How to Figure Square Footage for a Driveway With Radius Entrances
Figuring the square footage of a driveway is an important task if you are planning to pave or enlarge your driveway. Square footage is simply the two-dimensional area covered by a shape or an object. Calculating the square footage of a basic rectangular driveway is a simple process of multiplying length times width. Some driveways, however, have radius entrances. A radius entrance is a curved portion of the driveway that slopes outward toward the road. If your driveway has radius entrances, you will need to apply the appropriate mathematical formulas to determine the total square footage of the driveway.

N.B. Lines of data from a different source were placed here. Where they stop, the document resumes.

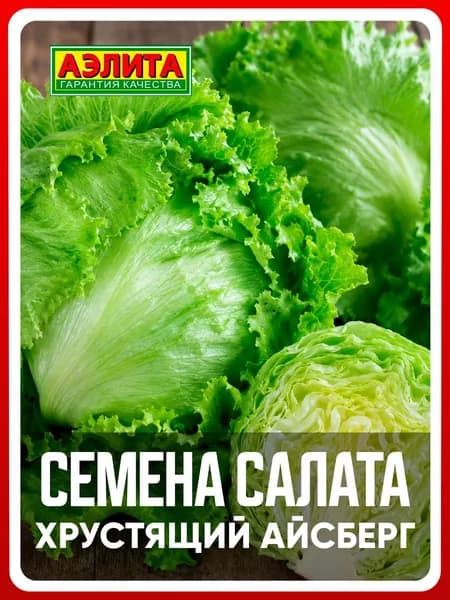 Семена салат "Хрустящий айсберг", 0,5 г, для дома, дачи и огорода, салат из семян, в открытый грунт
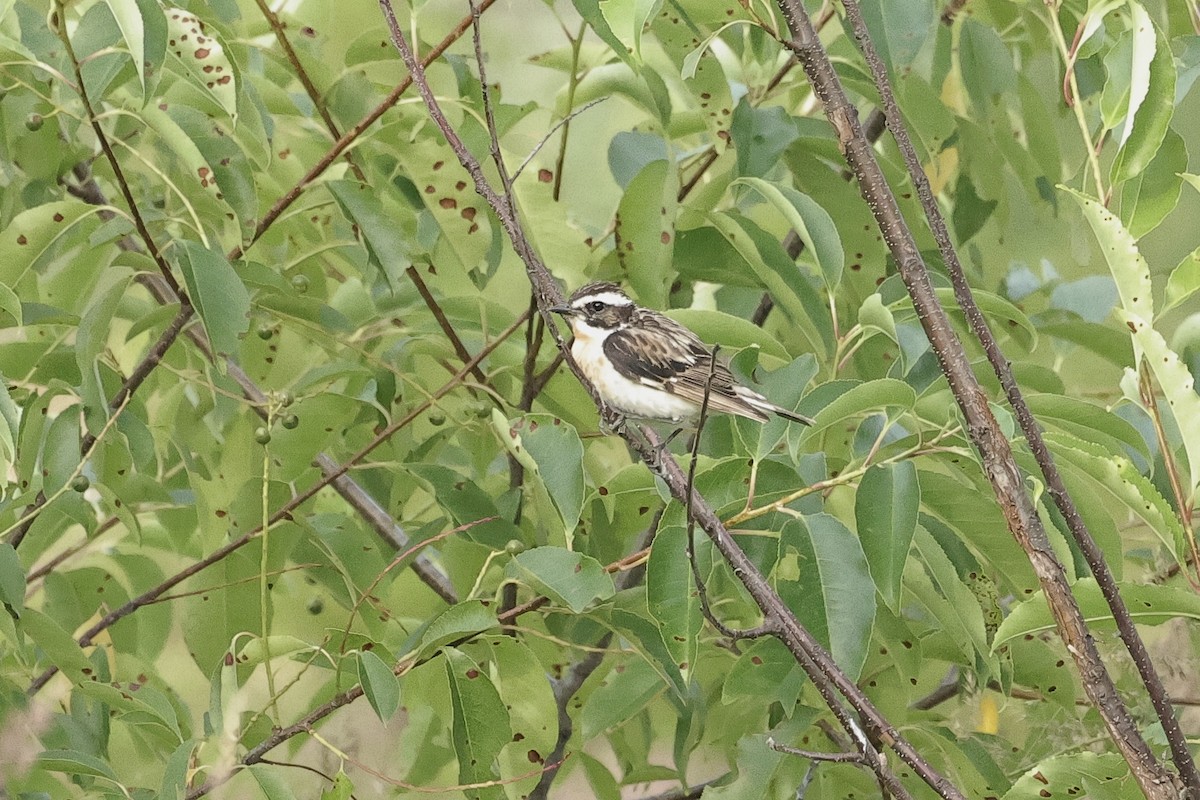 Whinchat - ML645880710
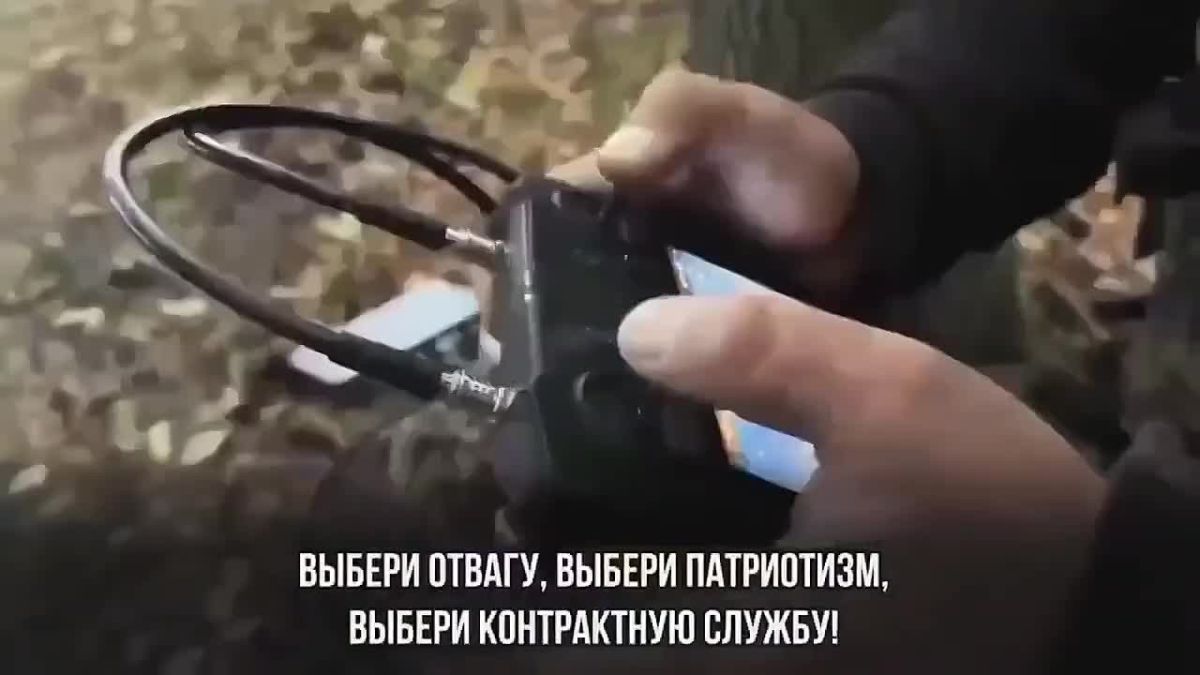 Сильный характер, мужество и честь — вот главные качества защитников Родины!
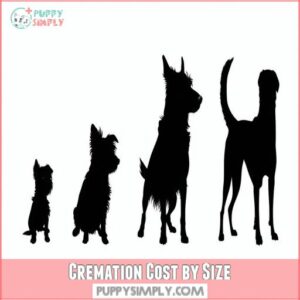 Cremation Cost by Size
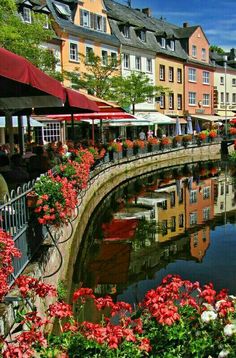 flowers are blooming along the water in front of buildings and tables with umbrellas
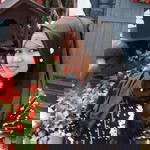 Sri Sulastri profile icon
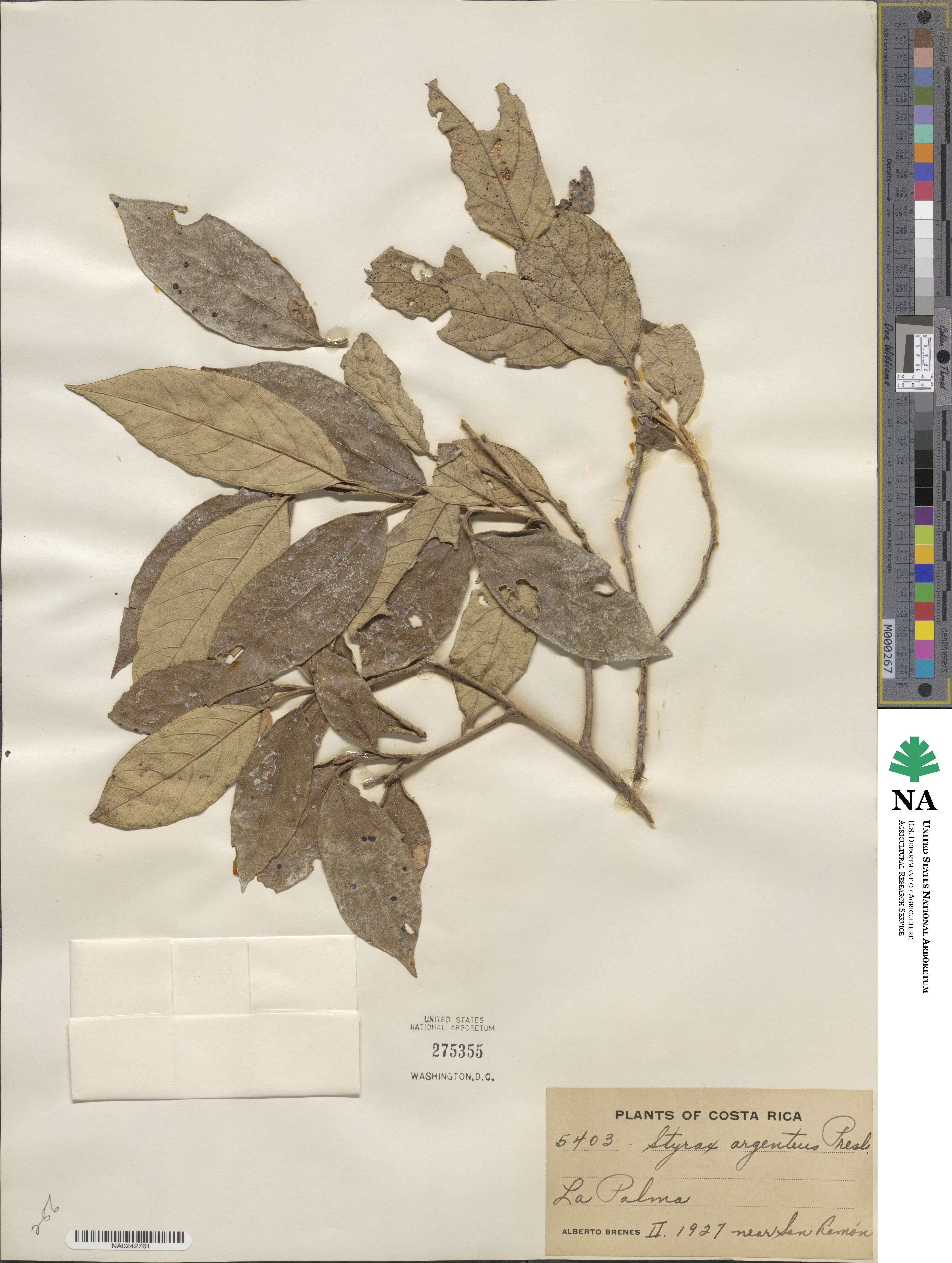 Styrax argenteus image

Sketch a rough drawing of the driveway.
Divide the drawing into three sections. One section is a rectangle that extends from the house outward until you reach the road. The other two sections are on either side of the rectangle. These sections are the radius entrances. They resemble triangles that connect the rectangular portion of the driveway and the road.
Measure the length and width of the rectangular portion of the driveway. Multiply the length times the width to get the area of this section. For example, if the driveway is 12 feet wide and 50 feet long, multiply 12 times 50 to get 600 square feet for this section.

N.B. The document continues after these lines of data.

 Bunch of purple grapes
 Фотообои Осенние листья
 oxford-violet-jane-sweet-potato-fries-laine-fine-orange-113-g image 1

Measure the edge of the driveway that connects the side of the rectangular portion to the end of the outward curve. This edge will be flush with the road.

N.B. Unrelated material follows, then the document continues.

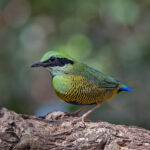 Getting good photographs of Bar-bellied Pitta is high on all of our guests' agendas (image by Pete Morris)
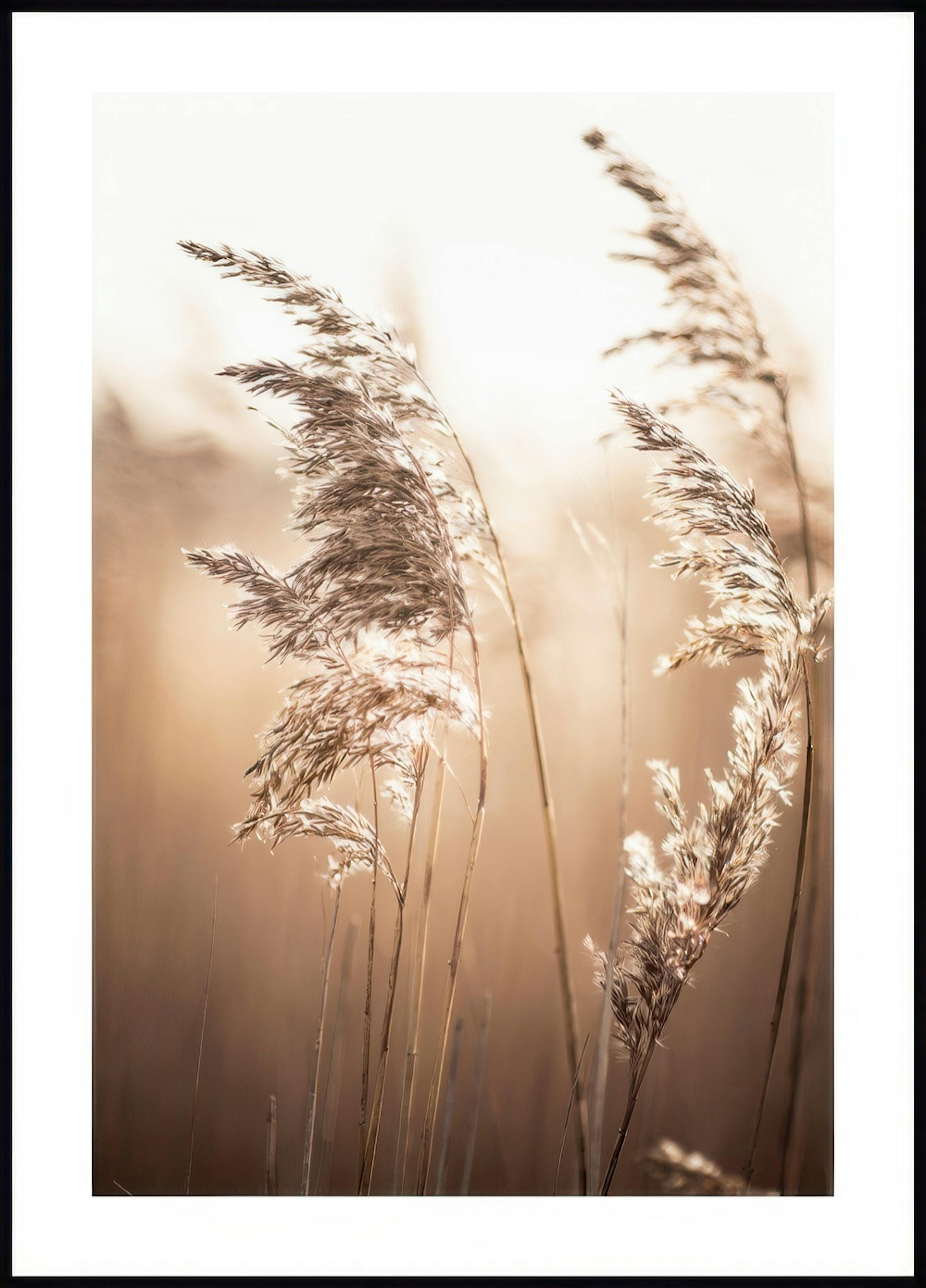 Sunlight Reed Poster 0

Square the measurement from Step 4. In other words, multiply the measurement times itself. For instance, if the measurement from Step 4 was 10 feet, multiply 10 times 10 to get 100. Multiply this figure times a constant of 0.2145. In this example, you would multiply 100 times 0.2145 to get 21.45. Multiply this figures times 2 to account for both sides of the driveway. In this example, you would multiply 21.45 times 2 to get 42.9 square feet.
Add the square footage for both sides to the square footage of the rectangular section of the driveway to obtain the total square feet contained within the driveway. In this example, you would add 42.9 to 600 to get 642.9 square feet.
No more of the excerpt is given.